In any case, managers and coaches of yore didn’t act this way and not only because it wasn’t a prudent thing to do. After all, players were pretty much powerless back then and there was no such thing as free agency, so you didn’t have to be on your best behavior. Yes, many of them were yellers and growlers and foot stompers, but you don’t hear of too many “humilators” for one simple reason: it just isn’t a decent way to treat people, athletes or not, and coaches were not some separate breed of human as they seem to be now. Those were more courtly times than ours. Men had a sense of decorum.

And there was something else then that has changed that helps explain humiliation. No one back then doubted the power of the team’s leader. Now players routinely do, and humiliation is a way for the coach to show who’s boss. It’s a demonstration of power but also of insecurity in a very insecure profession. By publicly embarrassing McNabb, Shanahan wasn’t doing anything to help the ‘Skins -- many players defended their quarterback -- but he was building himself up at McNabb’s expense. The hardly subtle message was: If I can do this to McNabb, for whom we paid a king’s ransom, just imagine what I can do to you. He subjected Albert Haynesworth, for whom the ‘Skins had also paid a king’s ransom, to the same treatment, though no one but Haynesworth complained, because he seemed like a slacker.
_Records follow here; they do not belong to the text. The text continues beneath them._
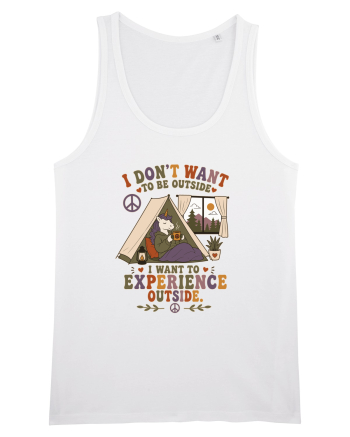 Funny Camping Hippie Unicorn Design for Introverts and Cozy Living Fans White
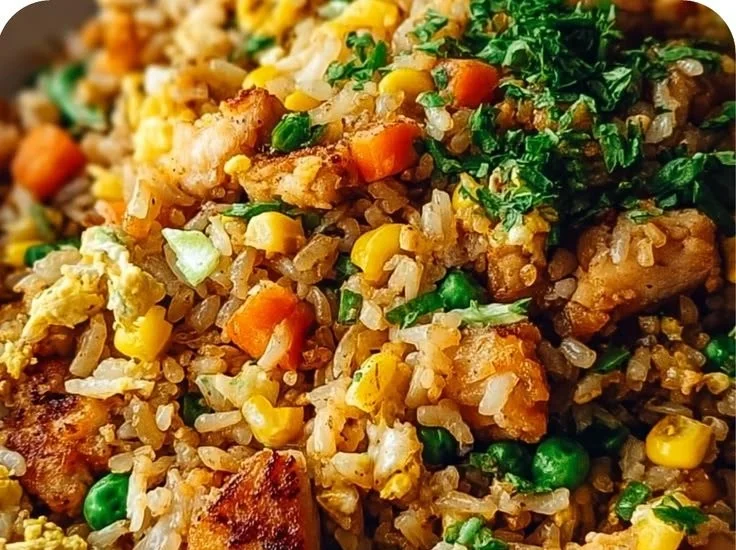 Plate of crispy garlic chicken fried rice with colorful vegetables and garlic garnishing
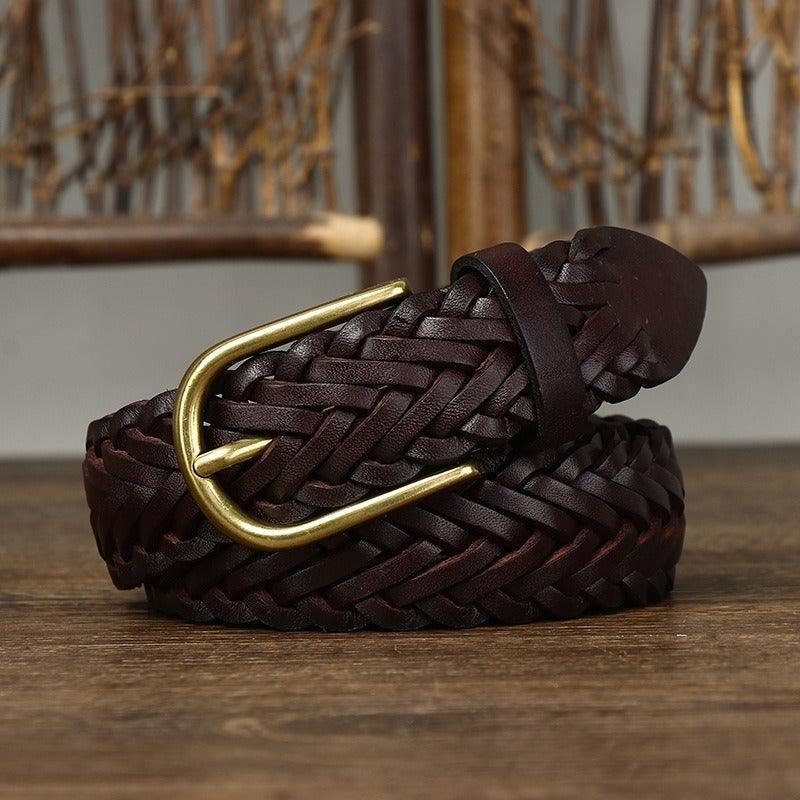 Belt braided in leather, model RiSimranyan - Zictor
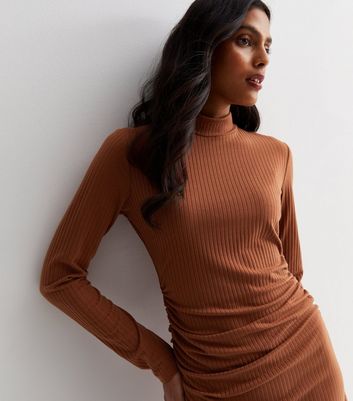 High neck bodycon outlet midi dress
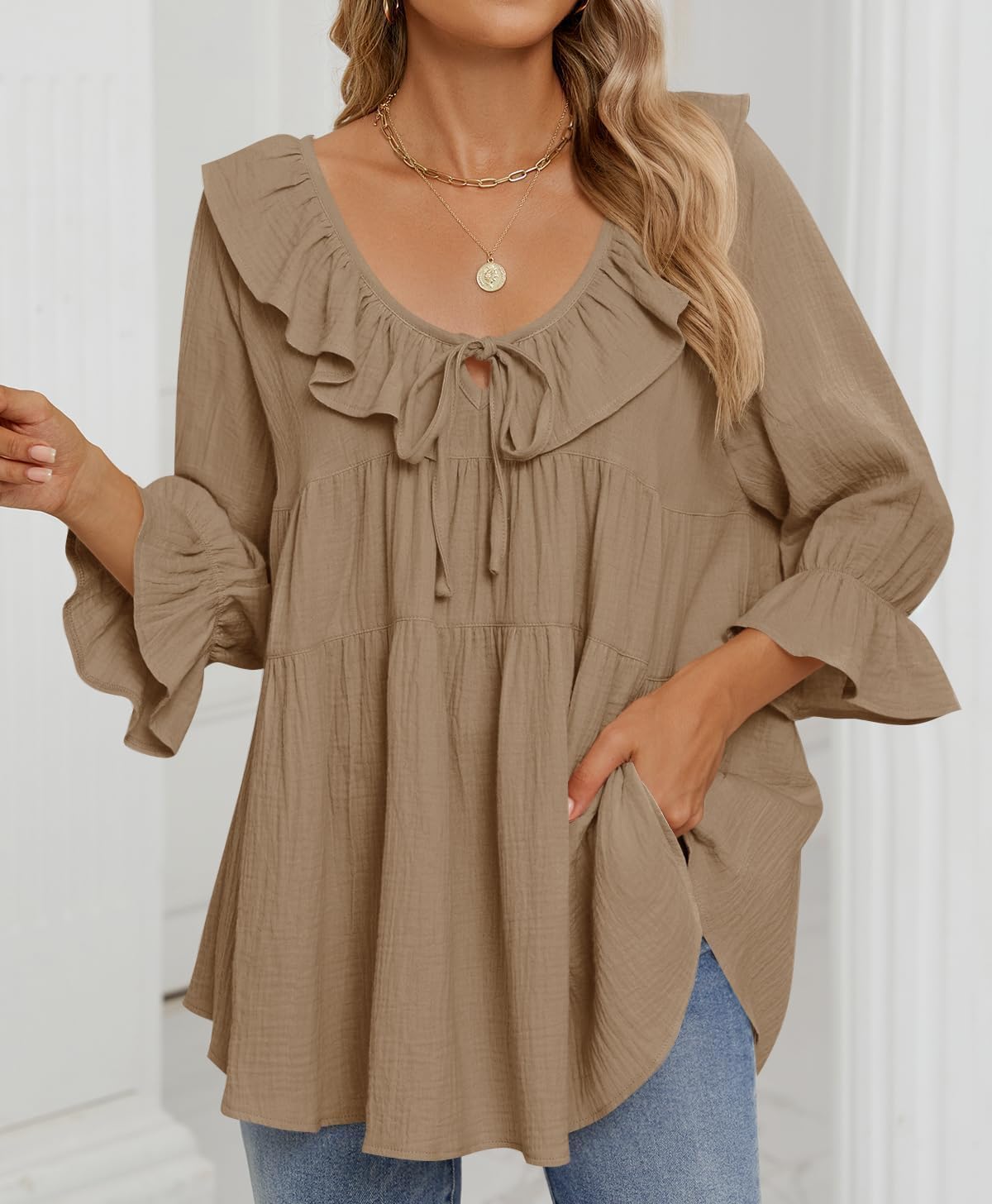 3/4 Sleeve Scoop Neck Tie Front Ruffle Tiered Peplum Loose Blouse Tops
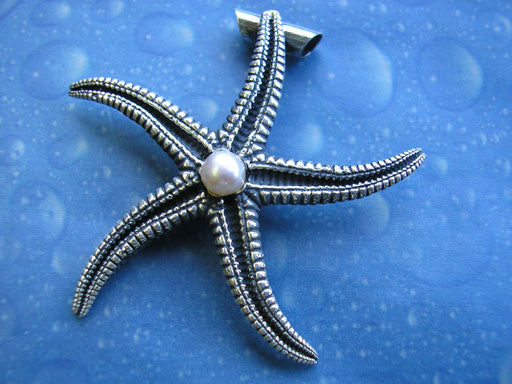 Schmuck Seestern Perle Anhänger Silber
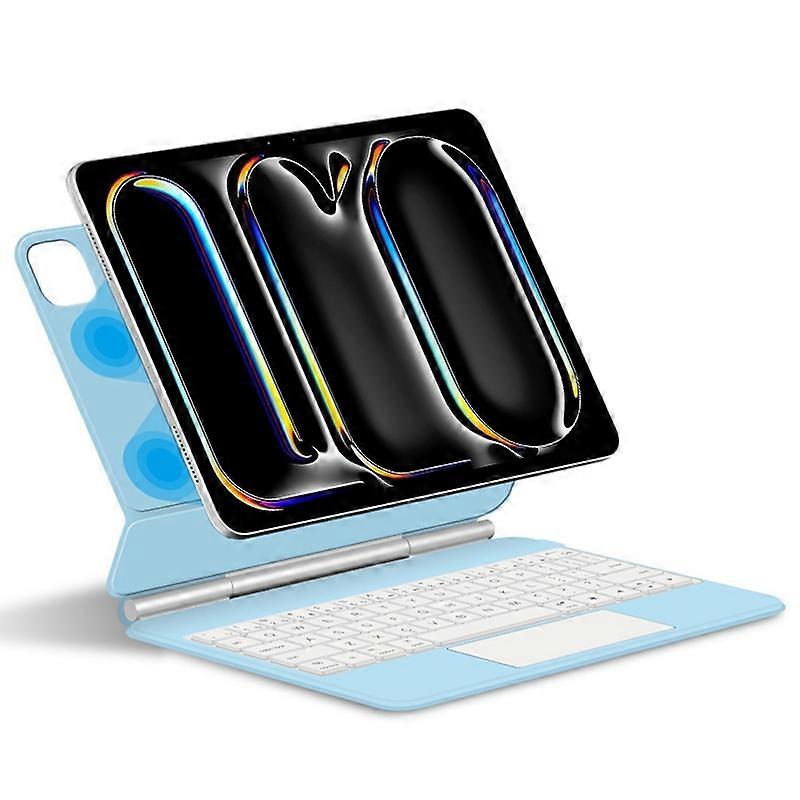 For iPad Pro 11 (2024) Leather Tablet Case with Magnetic Bluetooth Keyboard - Blue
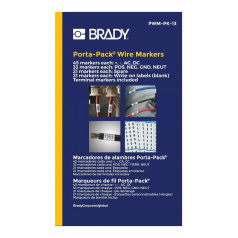 Кабельные маркеры Brady PWM-PK-13, виниловая ткань, 5.5 х 39.7 мм, легенда "+", "-", "AC", "DC", "POS", "NEG", "GND", "NEUT", белый, 100 шт [brd31213]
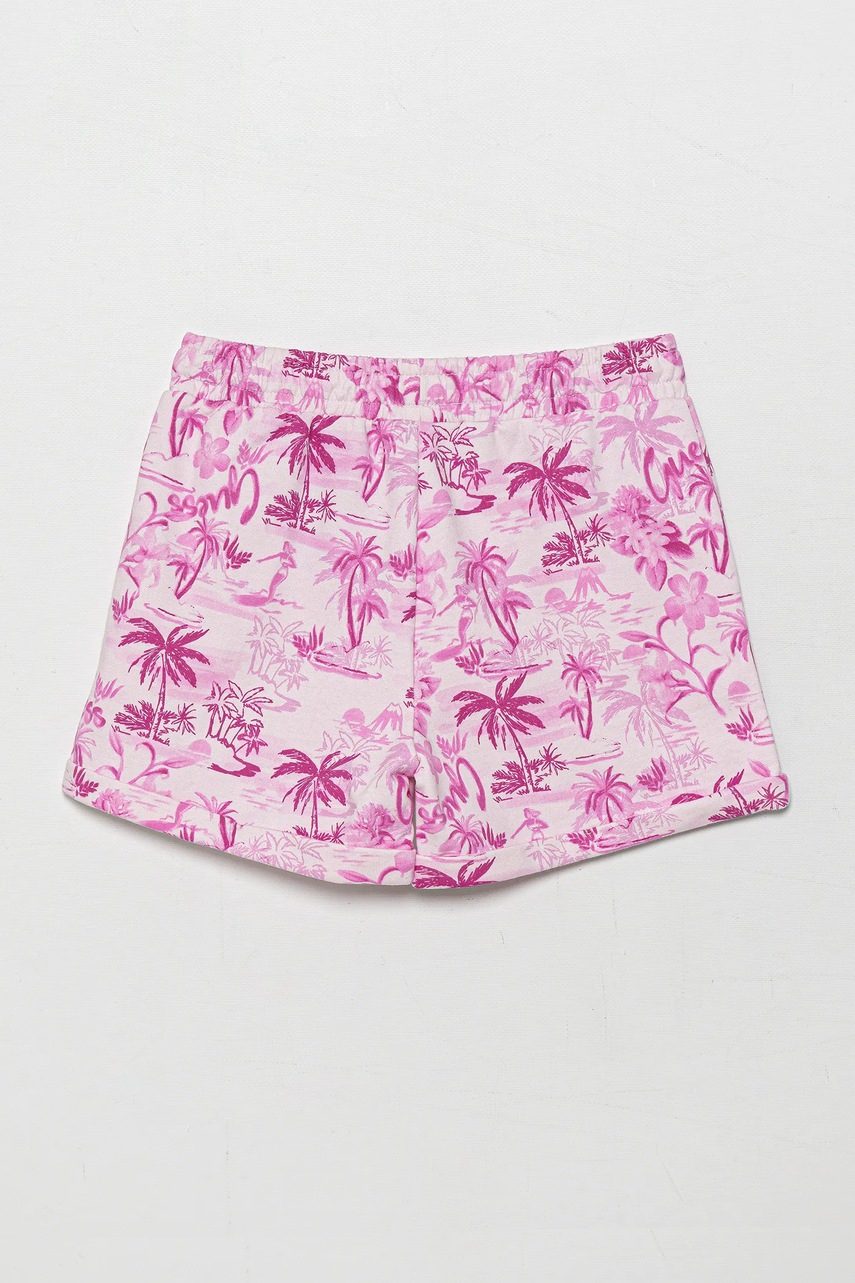 Детские хлопковые шорты Guess цвет розовый с узором J5GD22 KA6R4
But McNabb?! Over the hill, maybe. Slacker, no.

Finally, though, it may be less a matter of power than of revenge -- not the white, Protestant ethic revenge against Iverson for having too many tattoos and disdaining practices, but plain vanilla revenge for having to put up with coddled athletes at all. Old coaches never had to worry about appeasing their troops; the troops had to appease them. Now, of course, unless you’re a Phil Jackson or a Bill Belichick, the balance of power has shifted. Star players are the ones who make the big dough, the ones who determine when they are healthy enough to play and when they aren’t, the ones who may even call the shots on who will be their teammates and what plays the team will run. This is a new world, and it is one that is not very hospitable to coaches and managers. It’s the players’ world, and coaches and GM’s are just living in it.

So when an opening presents itself to bring a star to heel -- an aging Iverson, a declining McNabb, a no-longer-relevant Rip Hamilton -- there are some coaches (Shanahan) and some GMs (Joe Dumars) who just cannot resist the temptation to crush him.

And they get away with it because we generally acquiesce. You don’t hear a lot of anger from fans about the way Iverson or McNabb or Hamilton was treated. You don’t hear that they deserved much better for all the thrills and wins they provided us. Rather, you suspect that fans, who love their sports heroes, also harbor a bit of resentment at them -- for the money they make, the power they have, the girls they get, the way they occupy the national spotlight. It is almost as if humiliation isn’t just the coaches’ payback. It’s also the fans’.

But watching Iverson’s sad departure from the NBA, I can’t help but think of Ernie Banks and the respect he was accorded by management and fans even as he headed into the baseball wilderness. It was better then. There was an understanding that sports heroes were allowed their pride unless they went out and somehow squandered it. There was something noble about them and about how we treated them. The last thing management would ever think of doing is humiliate them. There was no need. They were big, but everyone else seemed to be bigger then, too.